The bill gives unemployed and low‑income Americans immediate tax relief and simpler filing for future unemployment benefits, at the cost of lower federal revenues and some short‑term administrative and timing complications.
Unemployed workers and low‑income taxpayers who receive unemployment benefits after Dec 31, 2024 will not owe federal income tax on those benefits, increasing their after‑tax income and improving household budgets.
Taxpayers who receive unemployment benefits after the effective date will face simpler federal tax filing because unemployment compensation received after Dec 31, 2024 will no longer need to be reported or calculated for federal income tax.

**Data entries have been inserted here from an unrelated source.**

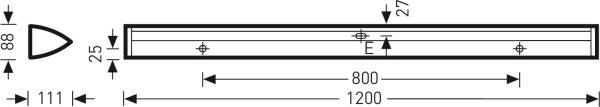Technische Zeichnung eines Profils mit Maßen: Gesamtlänge 1200, Breite 111, Höhe 88 mm, Innenmaß 800 mm, Abstand 27 mm.
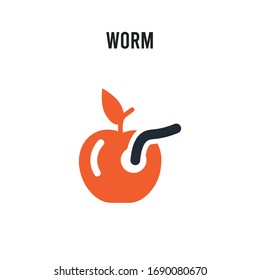 Worm vector icon on white background. Red and black colored Worm icon. Simple element illustration sign symbol EPS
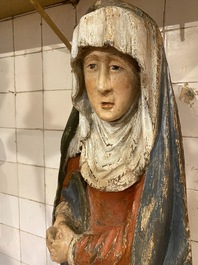 Vierge de Calvaire en ch&ecirc;ne polychrom&eacute;, Flandres, 1&egrave;re moiti&egrave; du 16&egrave;me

All taxpayers could face reduced federal revenues because exempting unemployment benefits will lower tax receipts, which could increase the deficit or force cuts/offsets elsewhere.

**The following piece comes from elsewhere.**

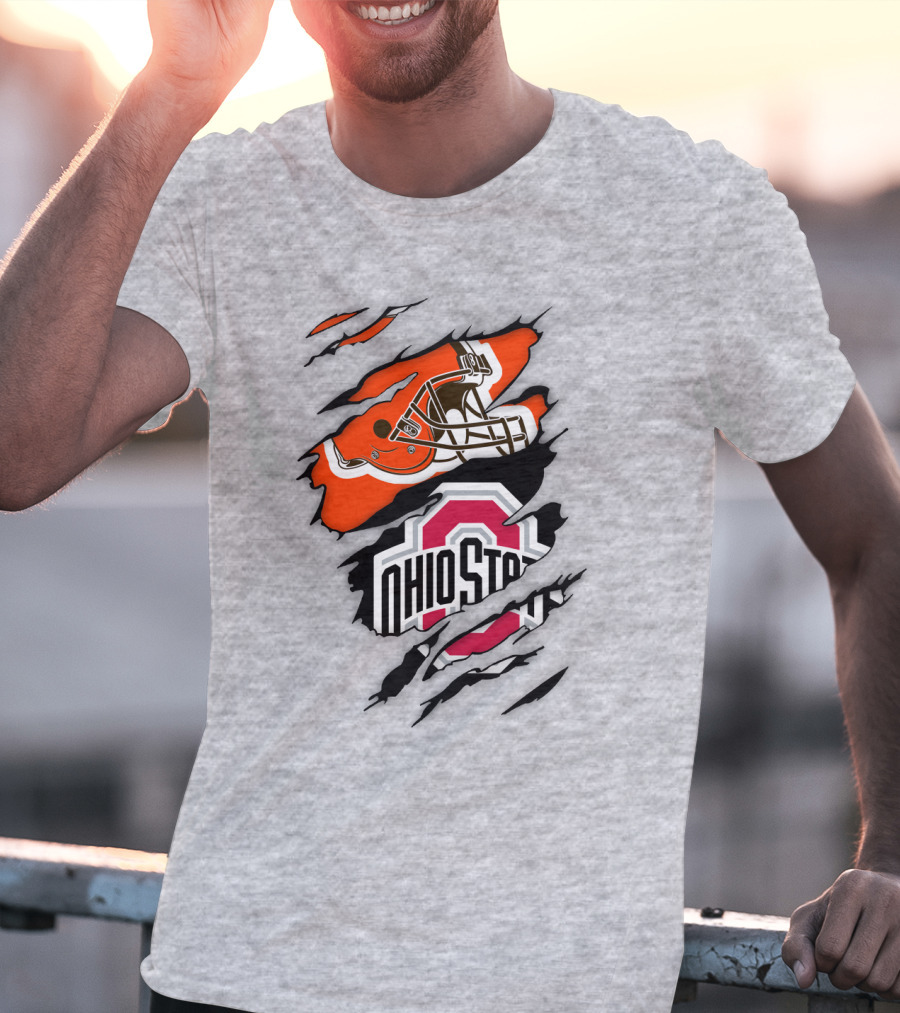 Ohio State Buckeyes Cleveland Browns Helmet Fusion T-Shirt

Recipients with unemployment paid across the Dec 31, 2024 cutoff (or employers/benefit administrators) may get unequal tax outcomes or need complex year‑by‑year tracking, creating fairness and timing issues.
The IRS will incur administrative costs to update guidance, forms, and systems and filers may face short‑term confusion as rules and paperwork change.
Based on analysis of 2 sections of legislative text.
Excludes unemployment compensation from federal gross income for taxable years beginning after Dec 31, 2024, so those benefits are not federally taxable for amounts received after that date.
Introduced April 3, 2025 by Shri Thanedar · Last progress April 3, 2025
Removes unemployment compensation from the definition of federal gross income so that unemployment benefits are not subject to federal income tax for taxable years beginning after December 31, 2024. The change applies to unemployment payments received after December 31, 2024 in taxable years ending after that date.